ButteryPuffin · 17/06/2020 22:46

Biggest risk factor is age. On that basis she's more at risk than you. I would mention that if it comes up again.

BabyDancer · 17/06/2020 22:48

100% agree with @Sarahlou63.

Samtsirch · 17/06/2020 22:50

@Sarahlou63
Your Blue Peter badge is in the post.....

Samtsirch · 17/06/2020 22:52

@BabyDancer
Yours has a second class stamp on it...

BabyDancer · 17/06/2020 23:00

@samtsirch I'm sorry, you're absolutely right. OP, you should sit and wallow in your sadness, accept you have no control in your life and continue to let your MIL's comments get to you.

Samtsirch · 17/06/2020 23:06

@BabyDancer
and that's the only alternative you can offer?
🤣😳🤣

BabyDancer · 17/06/2020 23:13

@samtsirch I can see you're too busy handing out Blue Peter badges to offer any advice yourself. I shared an opinion with another poster, perhaps you need to accept that and move on if you have nothing useful to say.

We can't control the actions or thoughts of other people, only our own. If OP's MIL is known for being insensitive then she is unlikely to change. I doubt that if OP made a rude comment back that it would have an impact on her MIL's future behaviour.

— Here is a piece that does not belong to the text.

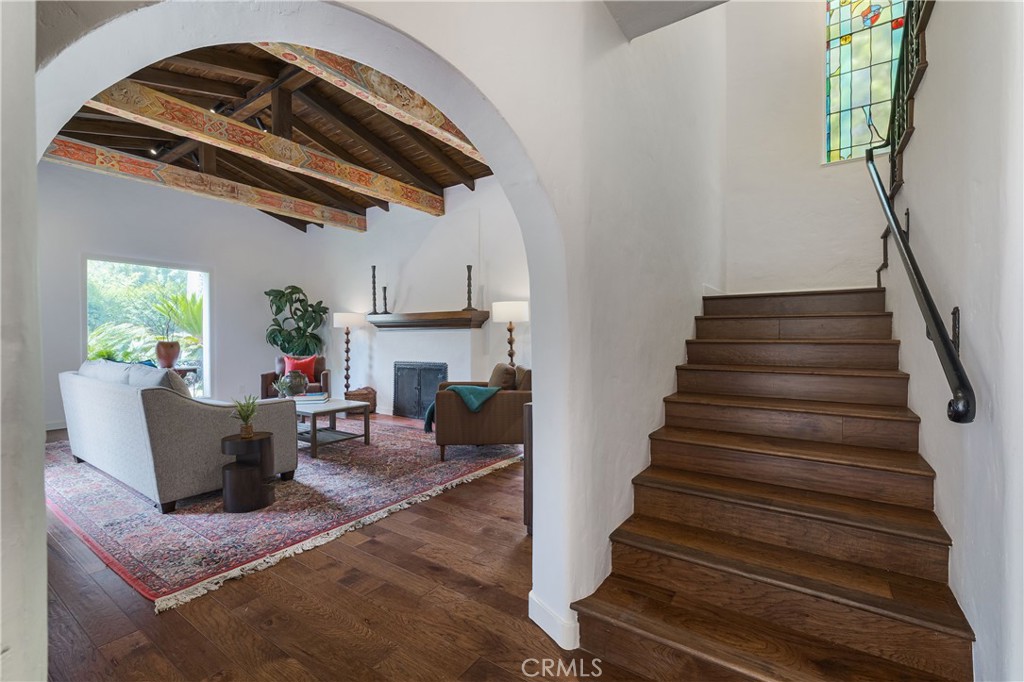 10452 Lindbrook Drive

justilou1 · 17/06/2020 23:39

Maybe you SHOULD have said something back... (in a sweetly, concerned manner, of course....)
“Thanks MIL.... I’m worried about you too. You know your weight at your age also increases your risk of diabetes. You know that would put you in a the shielding group....”

Samtsirch · 17/06/2020 23:39

@BabyDancer
I am sorry if I upset you.
😊

BabyDancer · 17/06/2020 23:47

@samtsirch Don't worry, I'm not upset at all. I just state things as I see them!